Mais dans un nombre donné de cas, il n'y a rien qui diffère de chaque cas isolé qu'on suppose exactement semblable aux autres ; sauf seulement qu'après la répétition de cas semblables l'esprit est porté, par habitude, à l'apparition d'un événement, à attendre celui qui l'accompagne habituellement et à croire qu'il existera.

Cette connexion que nous sentons en notre esprit, cette transition coutumière de l'imagination d'un objet à celui qui l'accompagne habituellement est donc le sentiment et l'impression d'où nous formons l'idée de pouvoir ou de connexion nécessaire. Il n'y a rien de plus en l'occurrence.

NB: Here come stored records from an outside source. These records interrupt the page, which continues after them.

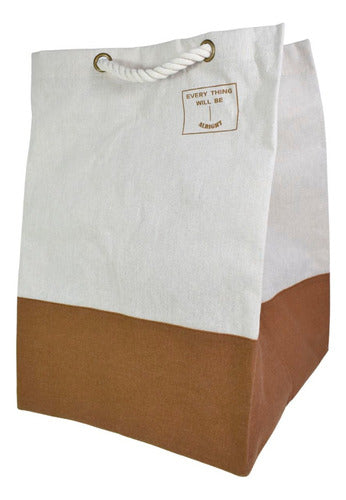 Cesto De Tela Con Asas De Cuerda Para Ropa Lavable Beige Lisa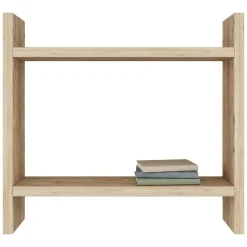 Mensola Marrone Naturale 2 Ripiani in Legno di Abete, Fatto a Mano 18x12x35h cm, Sfumatura Colore Struttura Naturale - Tadino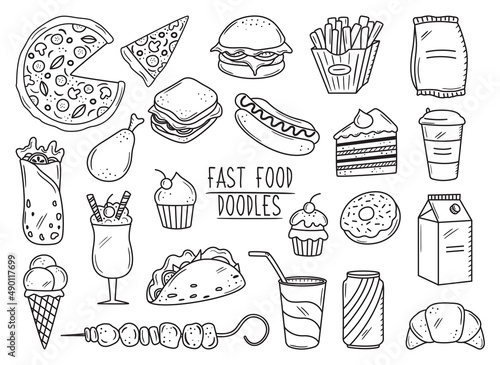 Set of outline fast food drawings. Doodle silhouettes of takeaway meals. Pizza, burger, sandwich, hotdog, ice cream, taco, soda and other elements. Black line vector illustration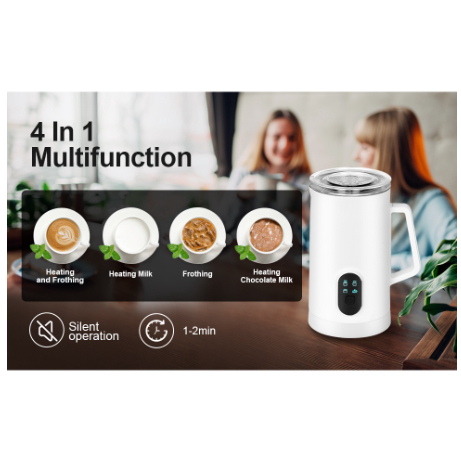 Automatic Electric Milk Frother Machine | Hot/Cold Latte Cappuccino Automatic Milk Warmer 350ml (3 pin Malaysia Plug)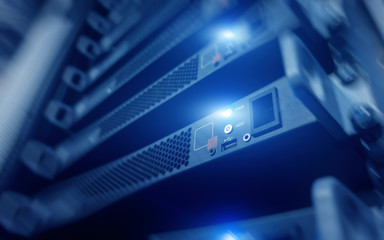 Supercomputer concept. Telecommunication server rack. Technology Background.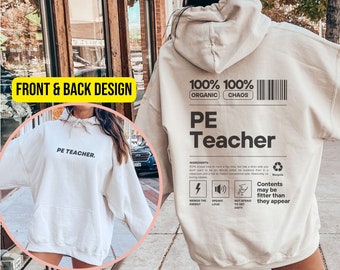 Pe teacher hoodie for back to school, Funny pe teacher gift for teacher appreciation, Gym teacher gift for new pe teacher, Pe tshirts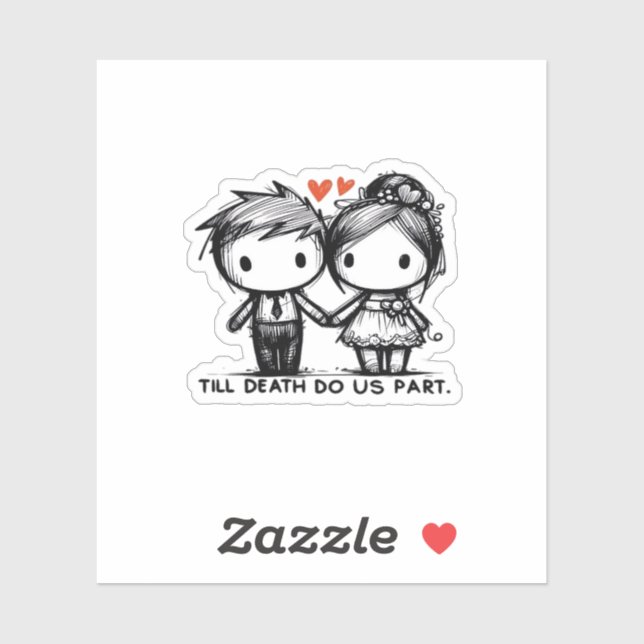 Till Death Do Us Part Classic – Gothic Romance Des Sticker (Sheet)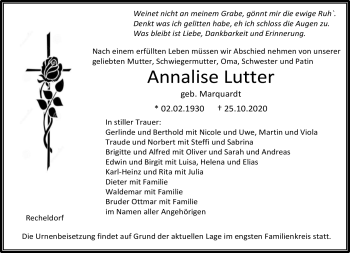 Traueranzeige von Annalise Lutter von Neue Presse Coburg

Considérez le sujet de tous les côtés, vous ne trouverez pas d'autre origine de cette idée. C'est la seul différence qu'il y ait entre un cas unique, d'où nous ne recevons jamais l'idée de connexion, et un nombre de cas semblables qui suggère cette idée.

La première fois qu'un homme vit le mouvement se communiquer par impulsion, par exemple par le choc de deux billes de billard, il ne put affirmer que l'un des événements était en connexion avec l'autre ; il affirma seulement qu'il y avait conjonction. Une fois qu'il eut observé plusieurs cas de cette nature, alors il affirma que les faits étaient en connexion. Quel changement s'est produit, qui engendre cette nouvelle idée de connexion

Rien, sinon que maintenant cet homme sent que ces événements sont en connexion dans son imagination et qu'il peut aisément prédire l'existence de l'un de l'apparition de l'autre.

Quand donc nous disons qu'un objet est en connexion avec un autre, nous voulons seulement dire que ces objets ont acquis une connexion dans notre pensée et qu'ils font surgir cette inférence qui fait de chacun d'eux la preuve de l'existence de l'autre : conclusion qui est quelque peu extraordinaire, mais qui semble fondée sur une évidence suffisante. On n'affaiblira pas son évidence si l'on se défie, dans l'ensemble, de l'entendement, ou si l'on entretient des doutes sceptiques sur toute conclusion nouvelle et extraordinaire. Il ne peut y avoir de conclusions plus agréables au scepticisme que celles qui font découvrir la faiblesse et l'étroitesse du champ de la raison et des capacités humaines.

Et quel plus puissant exemple peut-on produire de l'ignorance et de la faiblesse surprenante de l'entendement que l'exemple présent ? Car sûrement, s'il y a une relation entre les objets qu'il nous importe de connaître parfaitement, c'est celle de cause et d'effet. C'est sur elle que se fondent tous nos raisonnements sur les questions de fait ou d'existence. C'est elle seule qui nous permet d'atteindre la certitude sur les objets qui sont privés du témoignage présent de notre mémoire et de nos sens. 

La seule utilité immédiate de toutes les sciences est de nous enseigner comment nous pouvons contrôler et régler les événements futurs par leurs causes. Nos pensées et nos recherches s'emploient donc, à tout moment, autour de cette relation ; pourtant, les idées que nous formons à son sujet sont si imparfaites qu'il est impossible de donner une juste définition de la cause, sinon, celle qu'on tire de ce qui lui est extérieur et étranger.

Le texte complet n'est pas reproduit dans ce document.